Valvoplastia pulmonar fetal: este procedimento consiste na abertura da valva pulmonar (aquela que sai do ventrículo direito e leva sangue para o pulmão) com o emprego do balão. O conceito é muito semelhante ao da valvoplastia aórtica. Quando a valva pulmonar está muito fechada e quase não deixa passar sangue através dela, o ventrículo direito tende a parar de crescer. A valva tricúspide muitas vezes apresenta insuficiência (deixa voltar sangue do ventrículo direito para o átrio direito), o que pode complicar a circulação fetal e levar a insuficiência cardíaca. O objetivo é restaurar o fluxo pela valva pulmonar com o emprego do balão abrindo a válvula. Com isso o coração direito passa a se encher adequadamente de sangue e volta a se desenvolver. Após o procedimento também se observa uma melhoria significativa no vazamento da valva tricúspide. Em resumo, o objetivo da intervenção é permitir que o ventrículo direito se desenvolva normalmente ao longo da gestação resultando em uma circulação pós-natal com 2 ventrículos, o que melhora muito o prognóstico da doença.
Atriosseptostomia: Este procedimento tem indicação menos frequente. Ele é realizado em casos bastante selecionados de síndrome de hipoplasia do coração esquerdo já instalada, nos quais o buraquinho entre os átrios, necessário para que o sangue que volta dos pulmões atinja o lado direito do coração, é muito pequeno ou até mesmo ausente. Nesta situação, como a valva mitral, o ventrículo esquerdo e a valva aórtica são muito pequenos o átrio esquerdo fica extremamente dilatado. Esta condição, se persistir na vida intra-uterina, impede que o sangue oxigenado atinja o lado direito no coração após o nascimento. Com isto o paciente apresenta taxas muito baixas de oxigênio no sangue, o que é incompatível com a vida. O objetivo da atriosseptostomia é criar um novo orifício no septo interatrial permitindo a passagem de sangue do lado esquerdo para o lado direito. Habitualmente este novo orifício é suficiente para manter condições mínimas de oxigenação nos primeiros dias de vida do paciente, levando a maior estabilidade clínica. Entretanto, nos dias subsequentes, a ampliação deste buraquinho se faz necessária e é obtida por meio de técnicas de cateterismo, no qual cateteres especiais são avançados através de uma veia localizada na virilha do bebê.

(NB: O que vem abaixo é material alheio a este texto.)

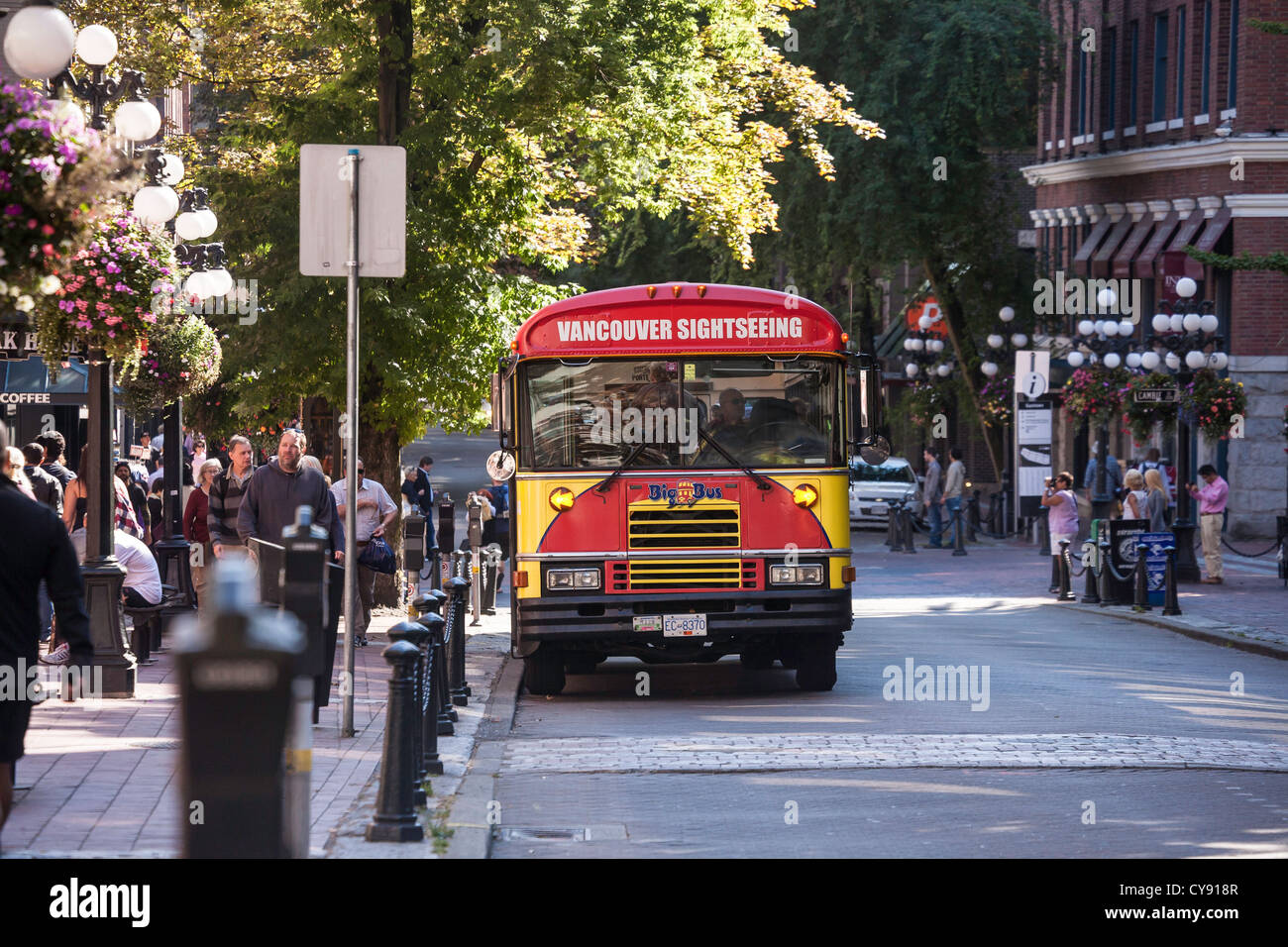 Touristen und Tour-Bus, voll Straßenszene, Gastown, Vancouver, CA Stockfoto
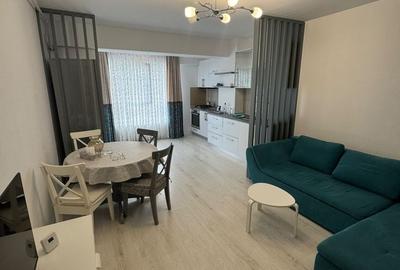 Apartament cu 2 camere semidecomandat, mobilat în Tomis Nord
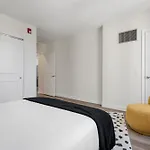 The Bernardin Gold Coast Luxury Apartments Near Magnificent Mile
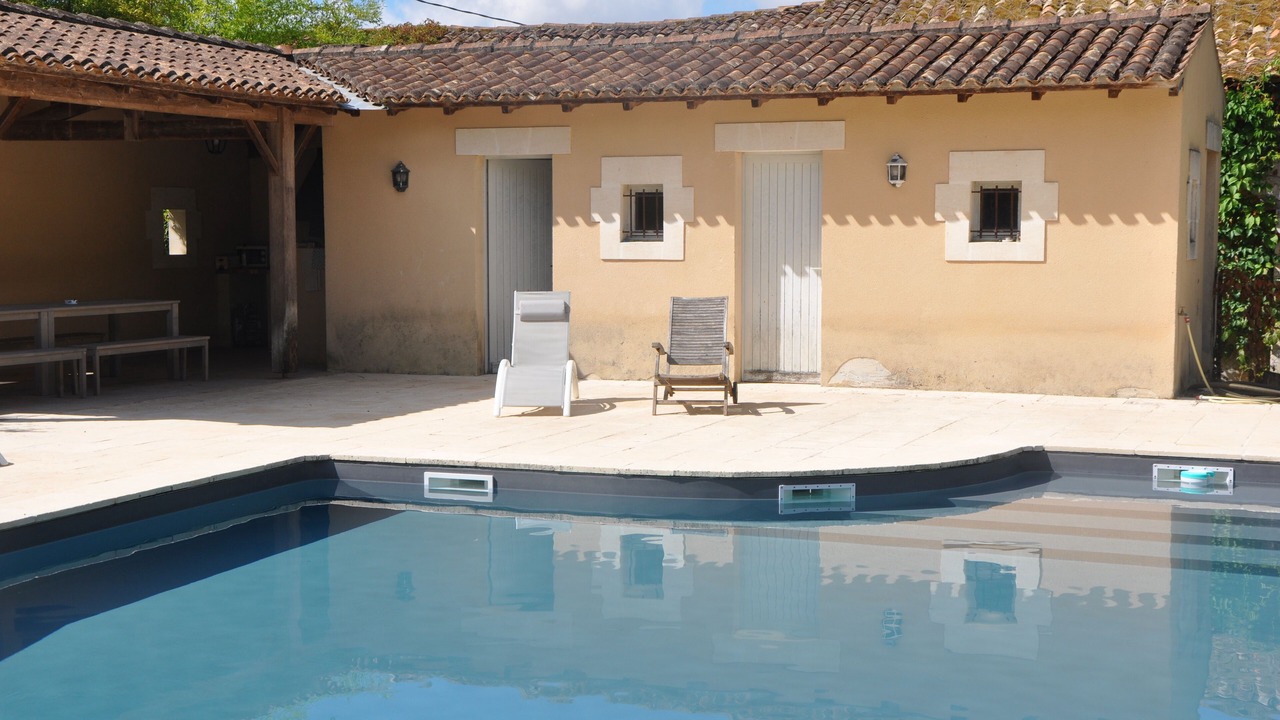 Photo of Outdoor in Saint-Thomas-de-Conac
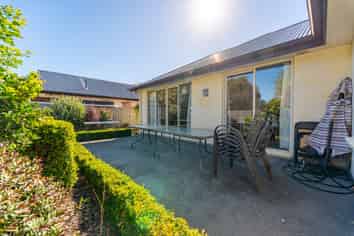 2/33 Maltby Avenue, West End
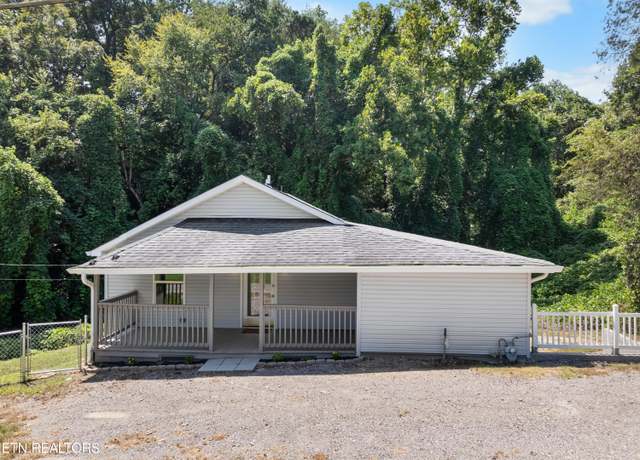 Property at 3537 Williams Mill Rd, Maryville, TN 37804, 2 beds, 2 baths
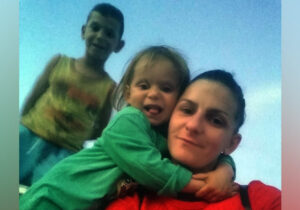 آغوش گرم مادر، التیام بخش تمام زخم های آدمیست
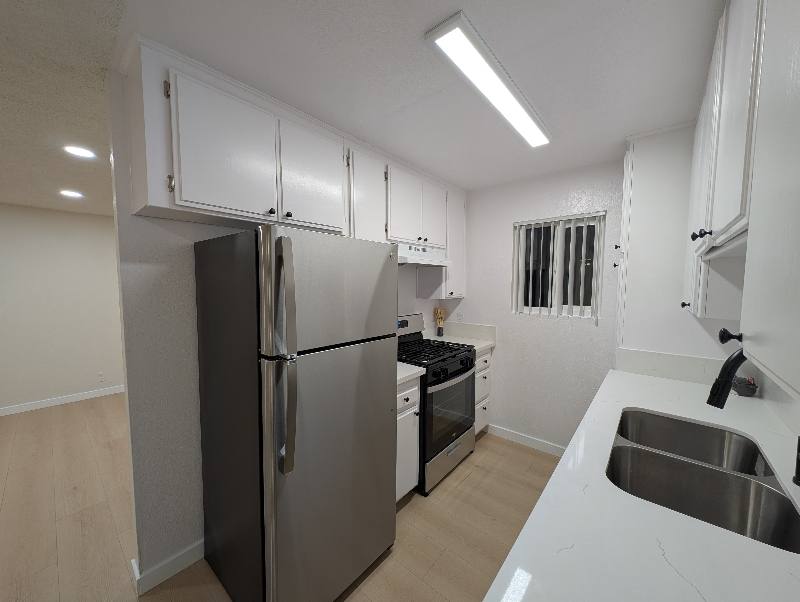 Apartment for rent at 11007 Hartsook St #203, North Hollywood, CA 91601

De modo geral, as intervenções cardíacas fetais são procedimentos muito seguros para a mãe, com riscos extremamente limitados. Entretanto, estes procedimentos podem desencadear trabalho de parto prematuro ou até mesmo levar ao óbito fetal, o que é infrequente. Por isto, a indicação deve ser discutida em detalhes com o cardiologista fetal.
Como já foi mencionado anteriormente, estes procedimentos não são curativos, e fazem parte de um planejamento de recuperação de ventrículos e preparo da circulação para a vida pós-natal. A depender da patologia, após o nascimento, o recém nascido será submetido a uma programação terapêutica que pode constar de cateterismo cardíaco e/ou cirurgia cardíaca.